Mom loves her homosexual son but disagrees on gay marriage



She loves her homosexual son as much as her heterosexual children, yet she maintains a firm stand against redefining marriage.

“We love each other unconditionally,” says Regina Griggs, executive director of Parents and Friends of Ex-Gays & Gays (PFOX). “We have a very close relationship even though we don’t agree on gay marriage,” she says. “It is not easy, but as a responsible parent I must stand firm in my belief that marriage must remain between a man and a woman.”

Griggs recently spent three days visiting with her gay son, now grown and out of the house.  To maintain family harmony, they avoid discussion of some subjects. “We can’t discuss politics, religion, or homosexuality,” she admits.

Parents must communicate to their children, “I can love you unconditionally and still disagree with you,” Griggs says.

While a compassionate response is important to her, the greater good of society is also important. “What I think is best for society may seem like lack of support for homosexual people. Not so,” she says. “We must look to what is best for the culture as a whole.”

“All of my children, homosexual and heterosexual, benefit by living in a free society that is made possible only by legal and cultural encouragement of strong, mother-father-based families,” she adds.

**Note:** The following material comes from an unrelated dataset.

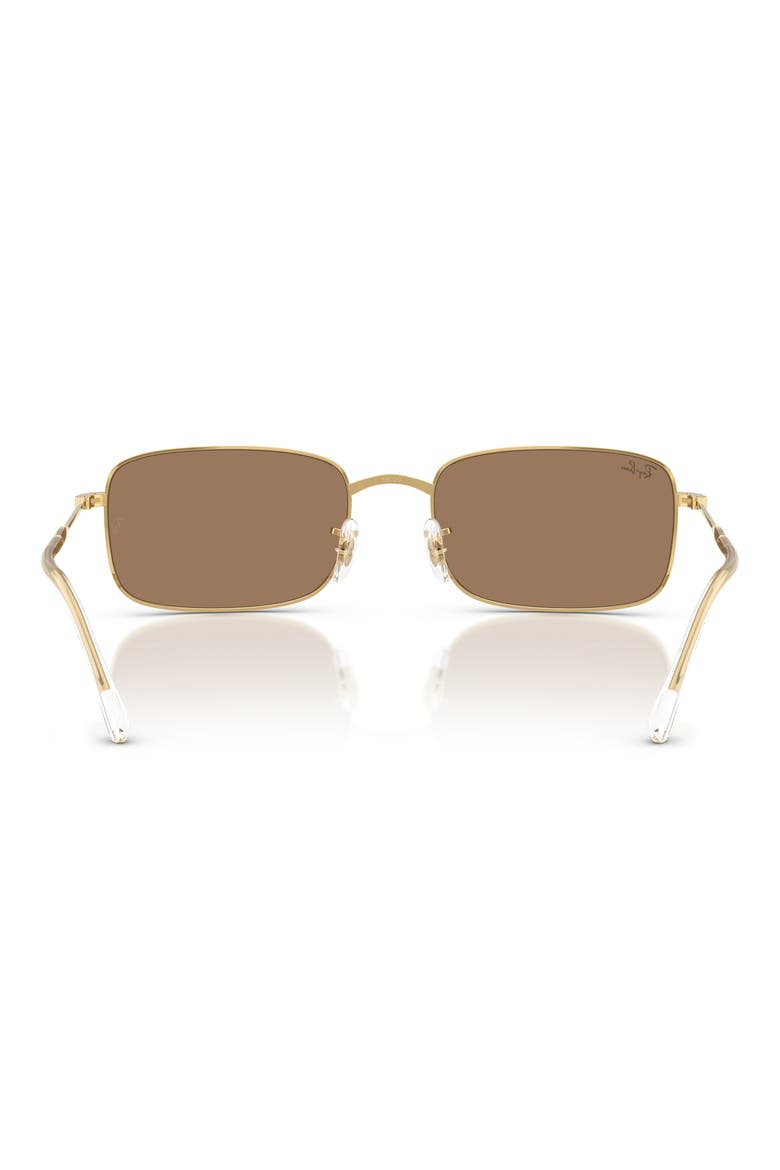 59mm Rectangle Sunglasses, Alternate, color, ARISTA / BROWN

Griggs does not believe homosexuality is genetic, but offers hope that change is possible, even if her son has not embraced her message. Her organization, PFOX, doesn’t offer therapy or counseling. It advocates and supports individuals who choose to walk away from the homosexual lifestyle.

“We don’t label children based on who they are attracted to—feelings can and do change,” she notes.  “We allow for differences of opinion; we do not place requirements on our children nor do they place them on us.  That’s what unconditional love means—loving each other even when we do not agree.

Griggs cites scientific studies involving identical twins as conclusive proof that homosexuality is not genetic. If homosexuality is genetic, every homosexual twin would share homosexuality with their identical twin. But the studies reveal they only share the trait 11-14% of the time, according to Griggs.

“God created them male and female,” Griggs says, quoting the words of Jesus in Matthew, chapter 19. “Genes don’t cause us to have attractions. Your identity is not who you are attracted to.”

“We try to let people know it is not immutable,” she says. “The scientifically reinforced fluidity of sexual orientation and gender identity may help to explain why, as even the American Psychological Assn. has acknowledged, thousands of people have ‘altered their sexual orientation’ with ‘varying degrees of satisfaction and varying perceptions of success.’ It is no longer open for serious debate.”


  1. The headline and lead-in are deceptive. Ms. Griggs is not just opposed to marriage—she heads an organization that tells gay people they can (and should) “change.” She is an activist on this, an issue that runs much deeper than policy.